Whose statue has to come down? Seriously, whose is the last straw? Who has to get cancelled? Fired? Doxxed? Destroyed? Beaten up? Killed? Does it take a lynching? Does it take destroying the thing YOU love? Your family? Your kids? Your job? Your hobby? What is it? What’s too far?
You will have a hard time talking your friends out of Wokeness in the midst of a Woke moral panic. It’s damn near impossible even when there’s no so much going on and so much at stake for speaking wrongly. But get them to identify a breaking point. Make sure they have one.
And if they don’t, force the hard question.
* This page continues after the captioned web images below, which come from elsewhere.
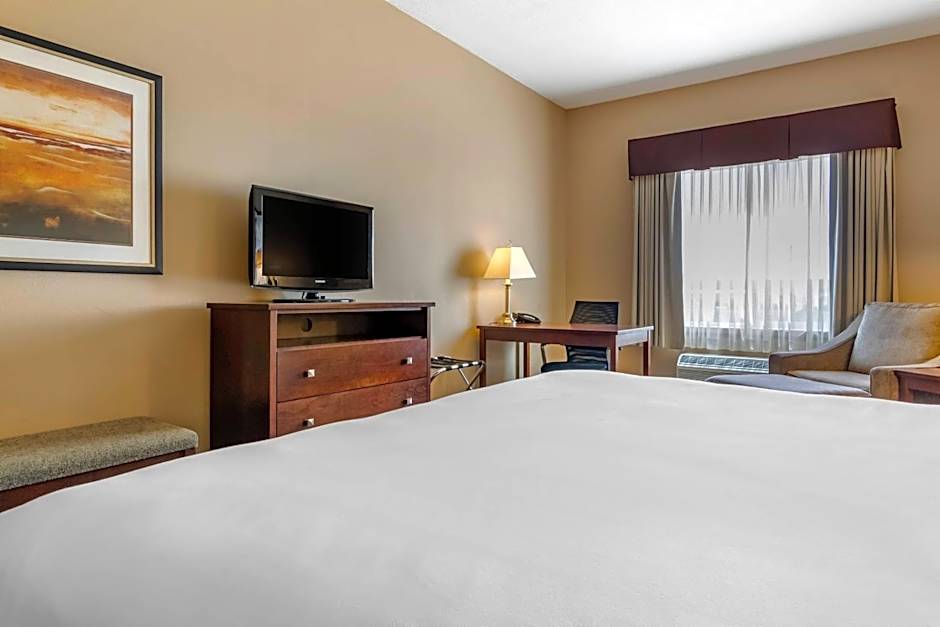 Quality Inn & Suites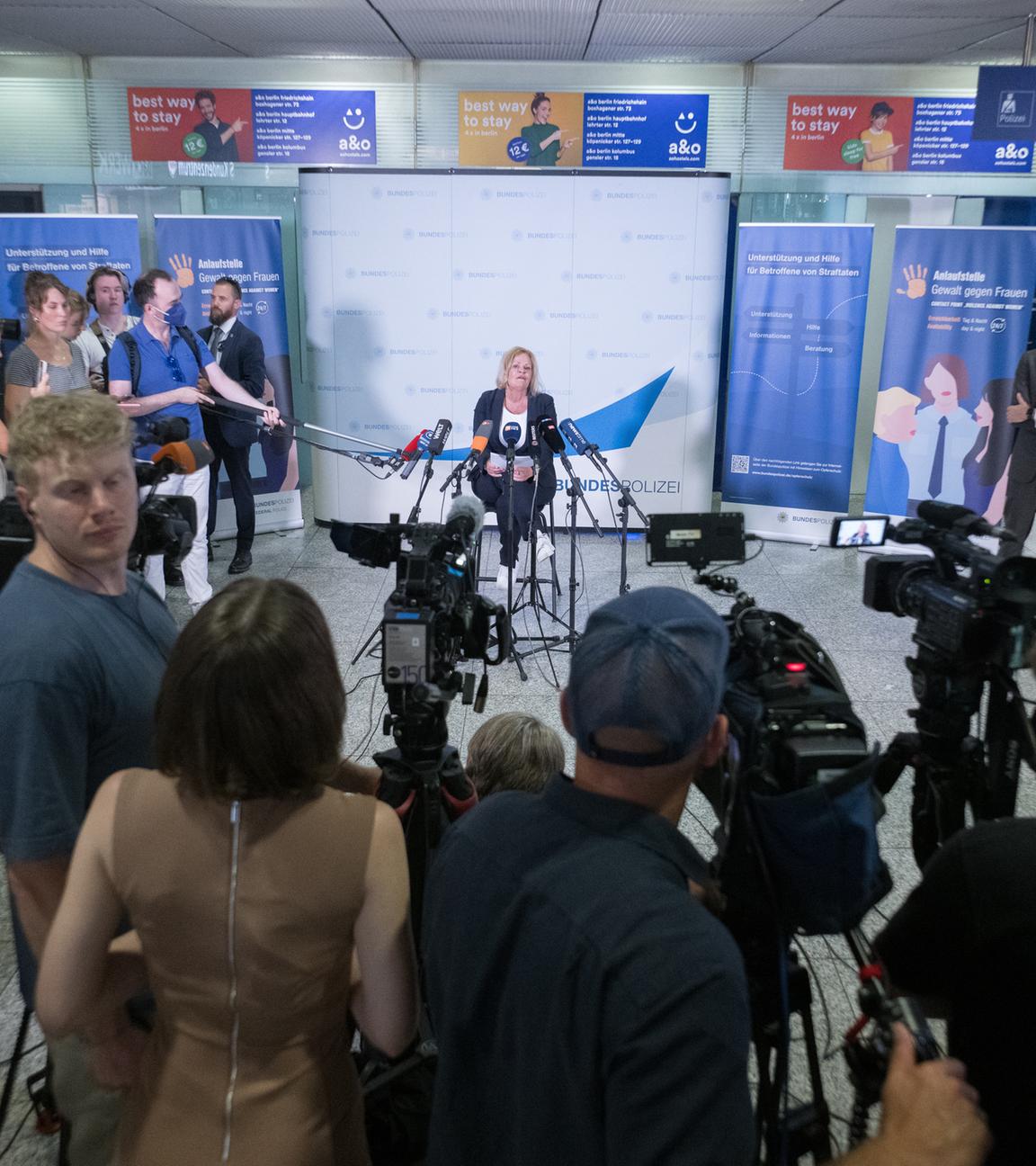 Bundesinnenministerin Nancy Faeser (SPD) spricht nach dem Besuch einer Anlaufstelle der Bundespolizei, in der Frauen, die Opfer von Gewalt geworden sind, Beratung und Unterstützung erhalten können, im Ostbahnhof. 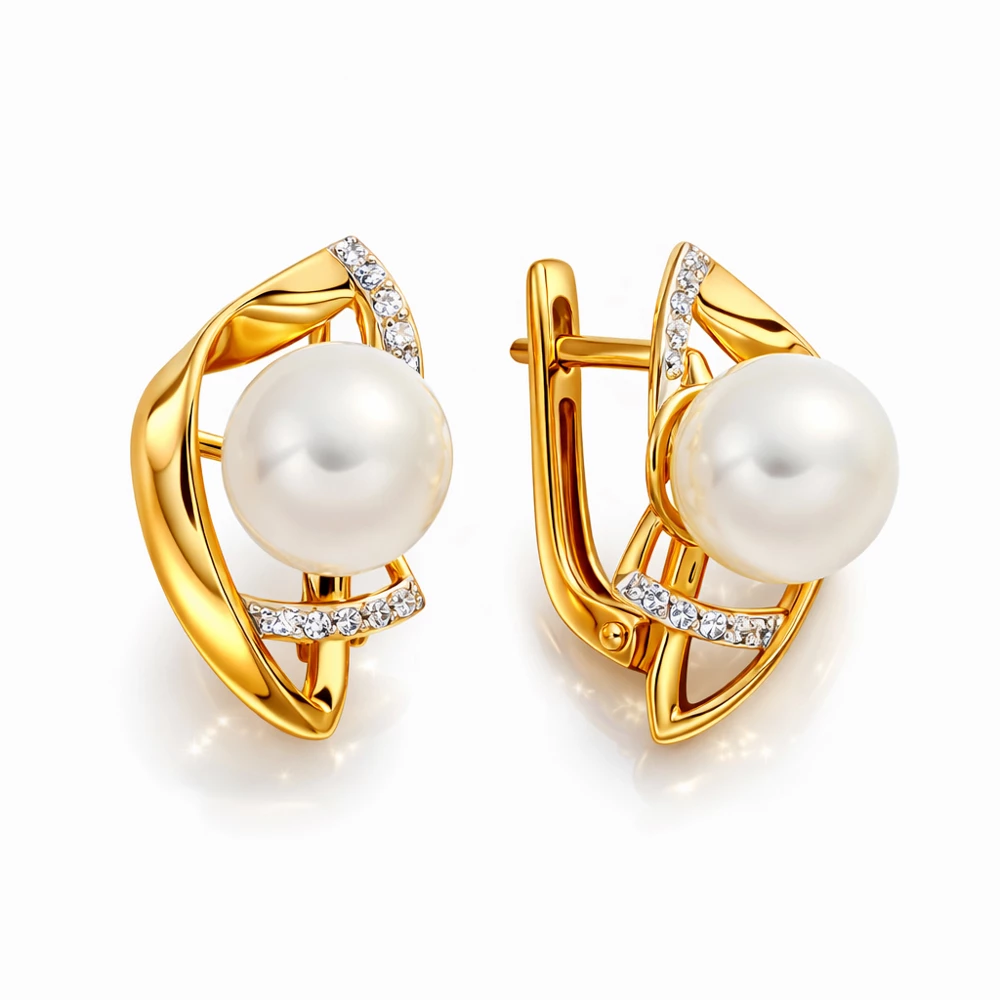 Серьги с культивированным жемчугом и фианитами из красного золота 585 пробы Серьги с культивированным жемчугом и фианитами из красного золота 585 пробы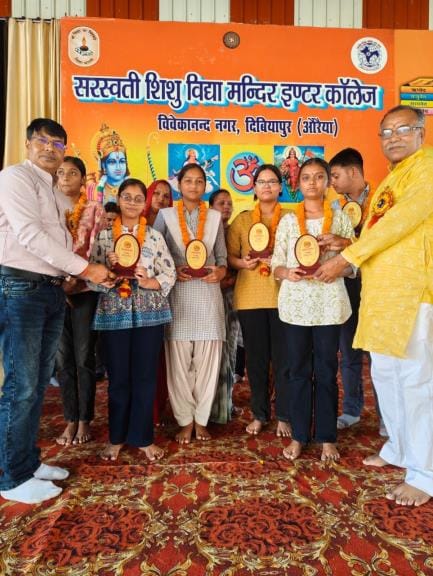 Welcoming the meritorious students, enthusiasm from school to home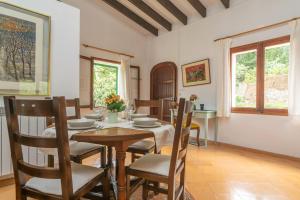 uma sala de jantar com mesa e cadeiras em Casa Miranda em Valldemossa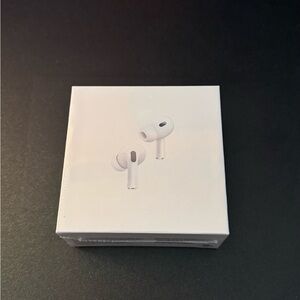 Apple AirPods Pro 2nd Generation with MagSafe Wireless Charging Case (USB‑C)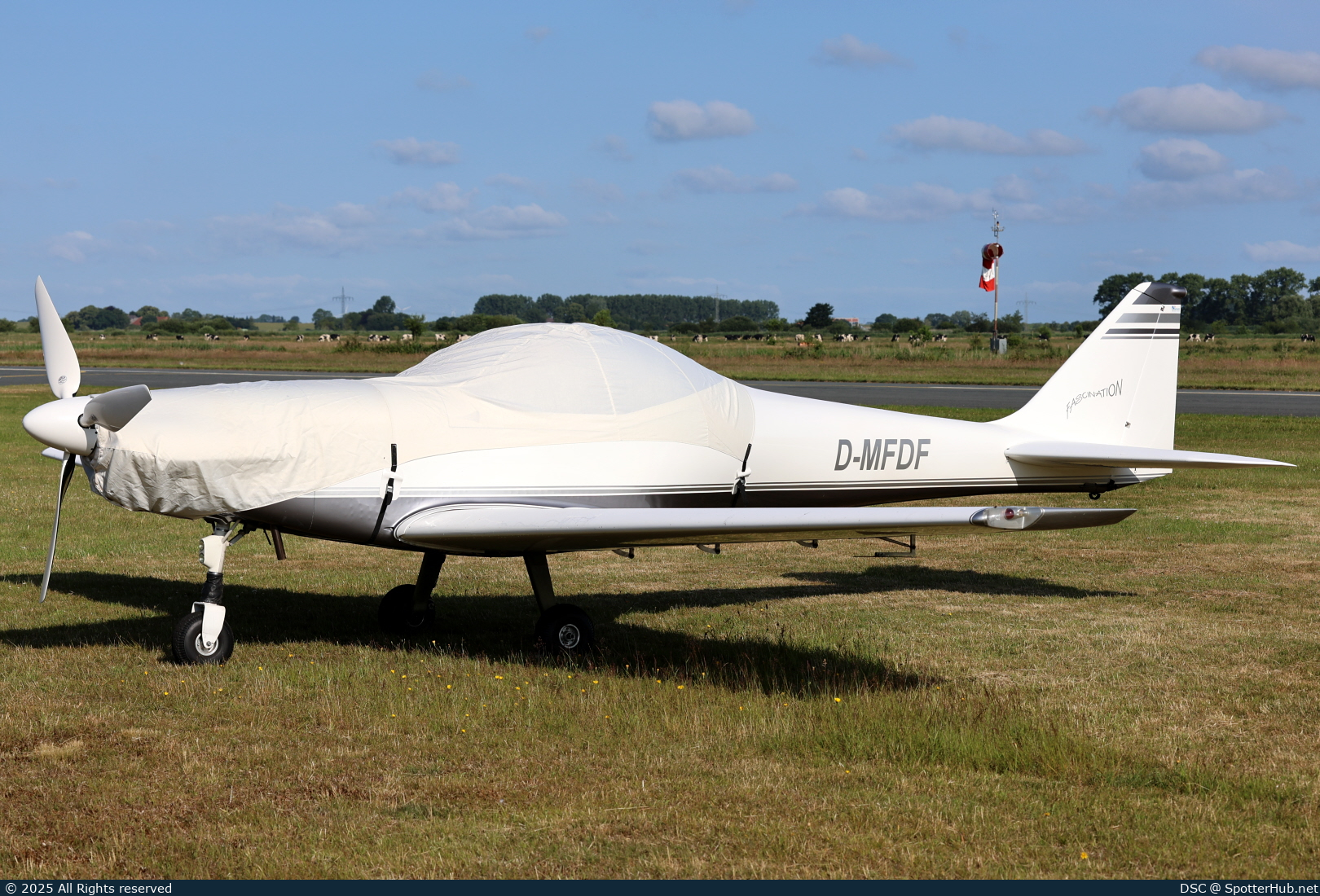 Photo of D-MFDF - Dallach D4 Fascination operated by Private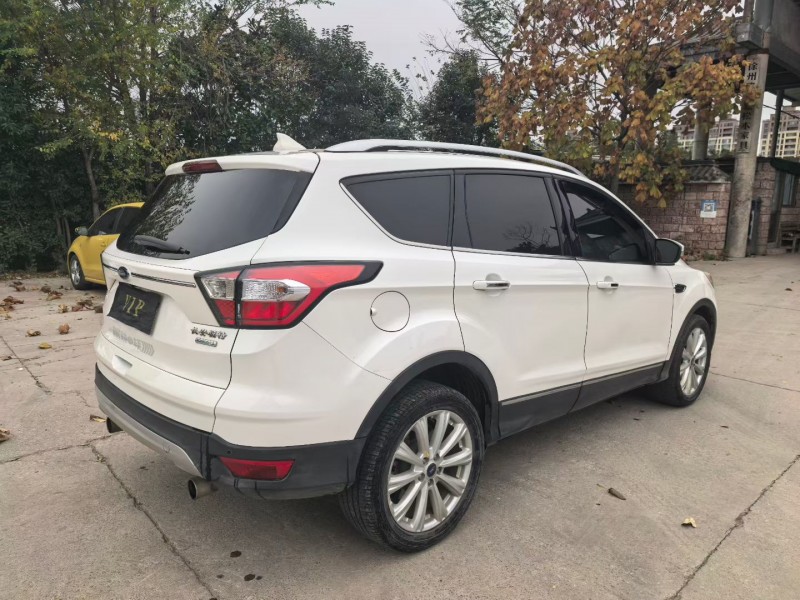 徐州17年福特翼虎6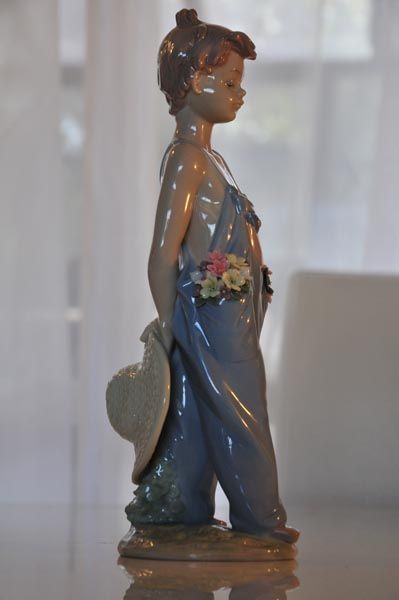 Lladro: Lladro - Pocket full of flowers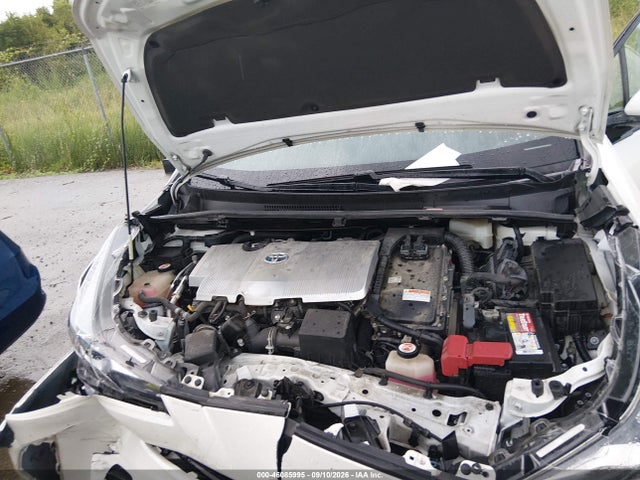 2019 TOYOTA PRIUS XLE 10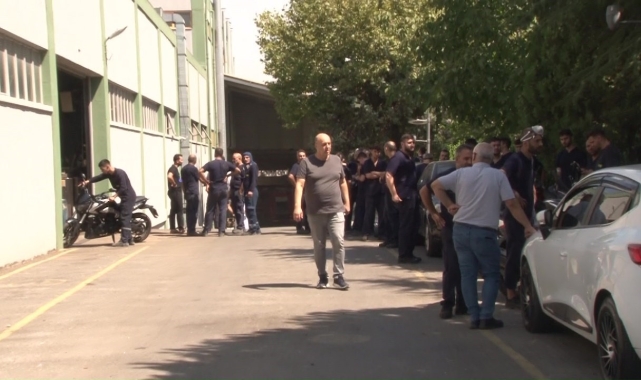 Ümraniye'de hidrolik silindir imalathanesinde yangın çıktı, işçiler tahliye edildi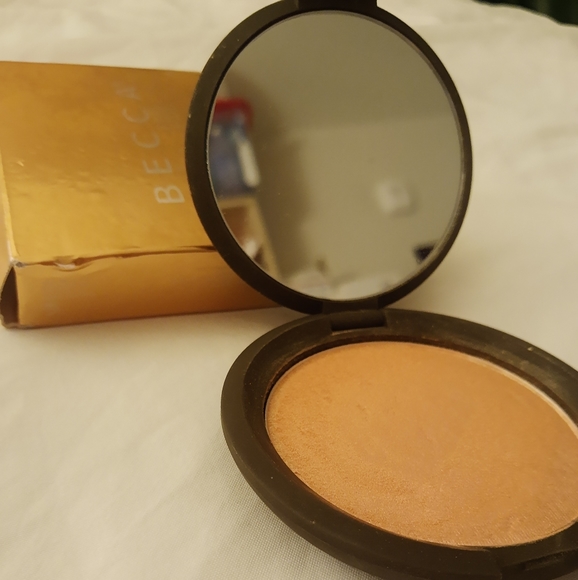 NEW BECCA X Jaclyn Hill "Champagne Pop" Shimmering Skin Perfector - Picture 3 of 5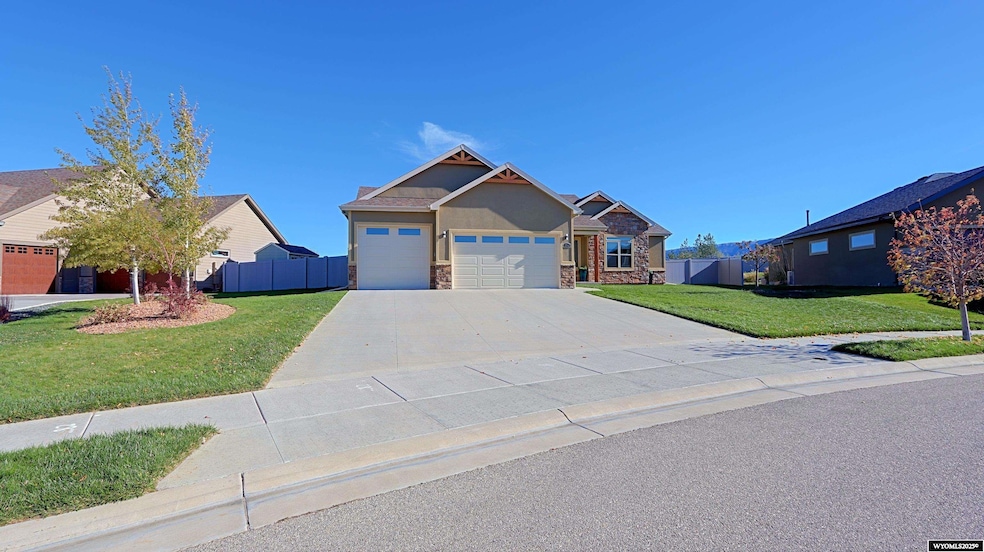2793 Croydon Dr, Casper, WY 82609 - photo 1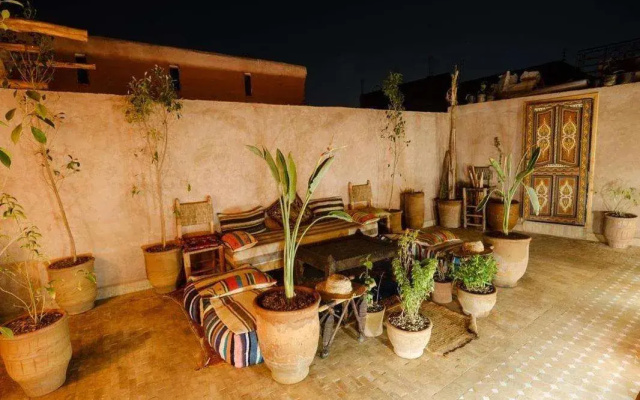 Riad Minami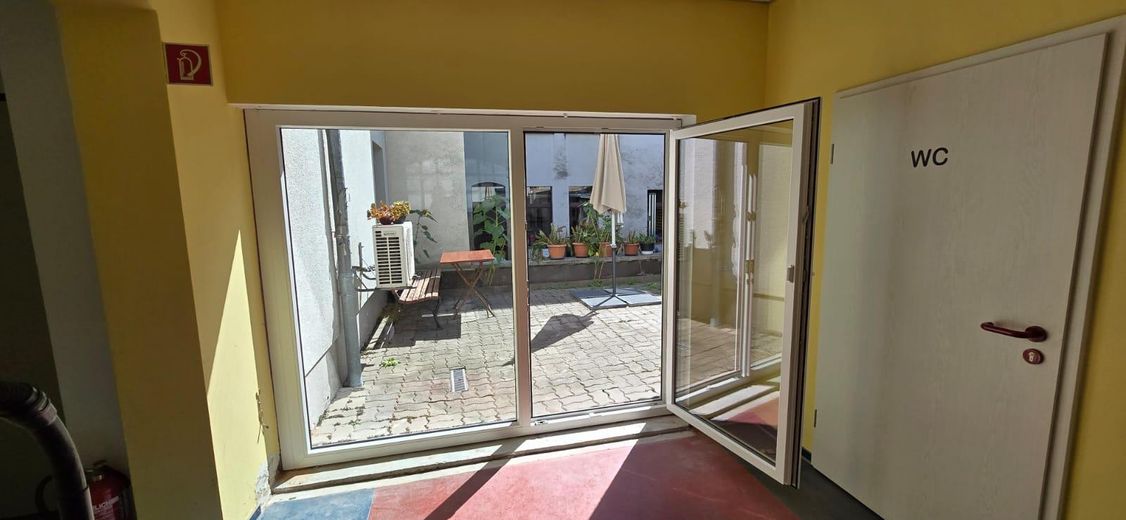 Blick von Flur auf Terrasse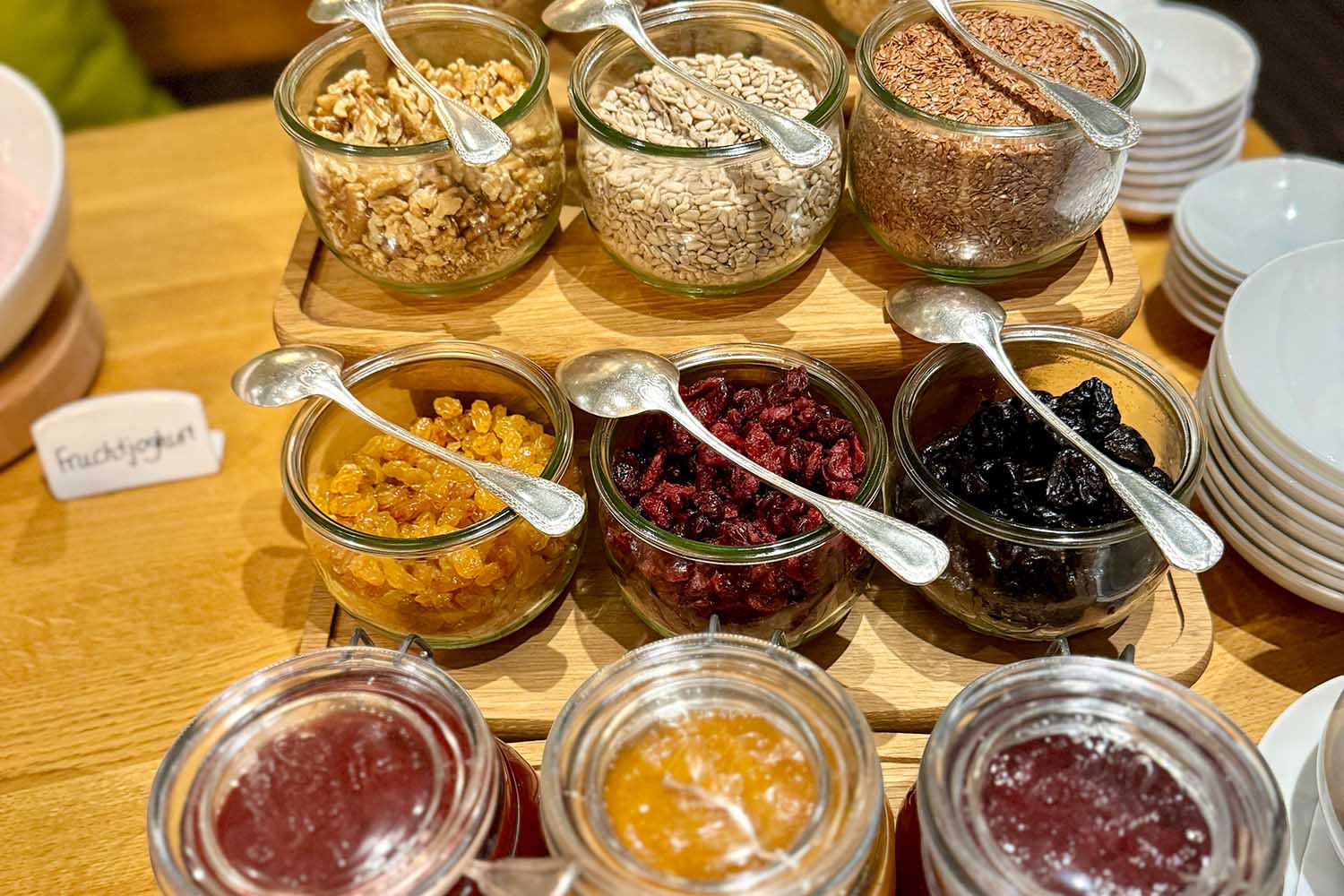 Verschiedene Rosinen sowie Nüsse in Glasbehältern bei einem Buffet im Landhaus Rüssel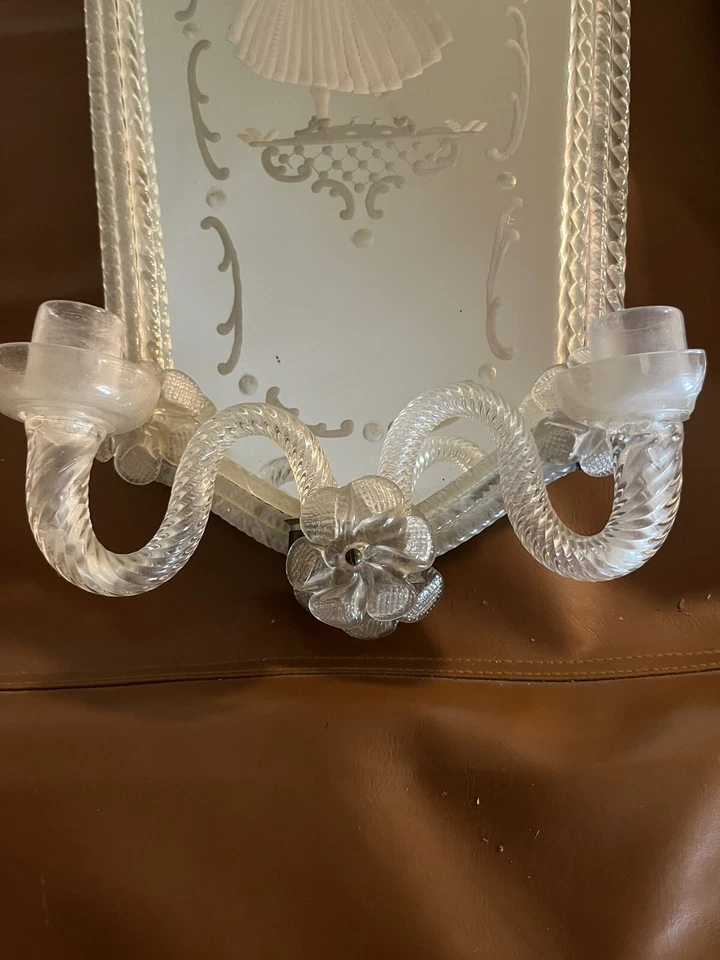Par de espejos de pared antiguos italianos de cristal veneciano de Murano grabados Foto 4 de 4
Ask them straight: if *nothing* would convince you this is an unfolding nightmare, what does that mean? What are you doing? What is it doing for you where nothing could convince you it has gone too far? Put the questions to them.
They don’t have to change their minds. They don’t have to believe it’s happening, likely, or even possible. They should be able to find a breaking point and name it, though, and if not, they need to be pressed on that point. That’s serious.
Don’t expect it to go well. Don’t expect them to come around. Don’t push past the hard question, either. Don’t force it. Just leave them. The question will bother them basically forever if they refuse to play, and let it. Let it do its work.
Keine Ahnung ob es eine gute Idee ist, aber ich finde es dennoch einen interessanten Ansatz.
Es wäre auch interessant, wer wie viel mitträgt. Was wären denn gute Punkte, die man ihnen vorhalten könnte?